United States District Court, E.D. California

September 12, 2019

EDWARD ROYCE STOLZ, II, Plaintiff,
v.
TRAVELERS COMMERCIAL INSURANCE COMPANY, et al. Defendants.

          ORDER ON DEFENDANT'S SECOND MOTION TO ENFORCE (ECF No. 105)

          KENDALL J. NEWMAN UNITED STATES MAGISTRATE JUDGE.

         This case arises out of a claim for insurance coverage under a homeowner's policy issued by Travelers. The property is located in El Dorado Hills, California, and Plaintiff Stolz holds some property interest in it. The case has been significantly side-tracked by multiple discovery disputes, which have largely emanated from Stolz's abuse of the discovery process.

         The instant dispute concerns Traveler's allegation that Stolz has failed to provide meaningful responses to interrogatories and requests for production of documents--originally served in September of 2018. (ECF No. 105.) Stolz insists he has responded as best he can, and has asserted multiple objections over the past year--including based on relevance, proportionality, and privacy grounds. (ECF No. 106.) Despite considerable guidance from the Court, Stolz's latest answers still fail to show that he has conducted a “reasonable inquiry” into the matters at issue. Thus, in order provide some final guidance, the Court orders Stolz's attorney to thoroughly analyze his client's records, as detailed below, so that Stolz can supplement within 21 days.

         Background

         Stolz filed this action in California state court, and on July 11, 2018, Travelers removed the action to this Court. (ECF No. 1.) In his Complaint, Stolz alleges that between December 2016 and March 2017, his house in El Dorado Hills suffered extensive damage due to severe storms and associated flooding. (Id. at ¶ 2.) Because of the damage, Stolz contends he was unable to continue living in the house. (Id. at ¶ 16.) Stolz asserts he submitted a timely claim to Travelers under the relevant Policy, but Travelers, acting in bad faith, refused to pay. (Id. at ¶ 3.) The Complaint asserts claims for breach of contract, breach of the implied covenant of good faith and fair dealing, and unfair business practices. (Id. at ¶¶ 3-5.) For damages, the Complaint prays for, inter alia, compensatory, special and consequential damages. (Id. at p. 15.) This claim apparently includes damages for loss of use of the home, and additional living expenses, and “diminution of value” of the home--all of which are governed by the Policy. (See ECF No. 117 at ¶ 1.)
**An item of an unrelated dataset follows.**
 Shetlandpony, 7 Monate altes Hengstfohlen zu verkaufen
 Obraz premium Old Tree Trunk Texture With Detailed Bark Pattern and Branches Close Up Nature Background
         Travelers denied liability, and asserted a number of affirmative defenses, including: (3) comparative fault, (5) other causes, (6) superseding causes, and (7) failure to mitigate, as well as other Policy-based defenses (e.g. (10) “recovery [is] barred by the terms, conditions, definitions, limitations and exclusions contained in the Policy.”). (ECF No. 1 at pp. 28-38.) From what the Court has gleaned, Travelers intends to argue that coverage under the Policy only extends to “the dwelling on the ‘residence premises, '” which the Policy defines as “the one family dwelling where you reside . . . and which is shown as the ‘residence premises' in the Declarations.” (See ECF No. 105 at p. 4.) The thrust of Traveler's defense appears to be that the El Dorado property was not Stolz's “residence premises”--and was likely left abandoned for a large portion of the coverage period.[1] (See ECF No. 109 at pp. 2-4 for Traveler's summarized theory of the case.) Thus, Travelers intends to argue that it is not liable for “loss of use” damages (because Stolz was not using the El Dorado property), “additional living expense” damages (because Stolz owns somewhere between 3-5 other properties), and “diminution of value” damages (because any reduction in the property's value was due to Stolz's negligence/absence/failure to mitigate).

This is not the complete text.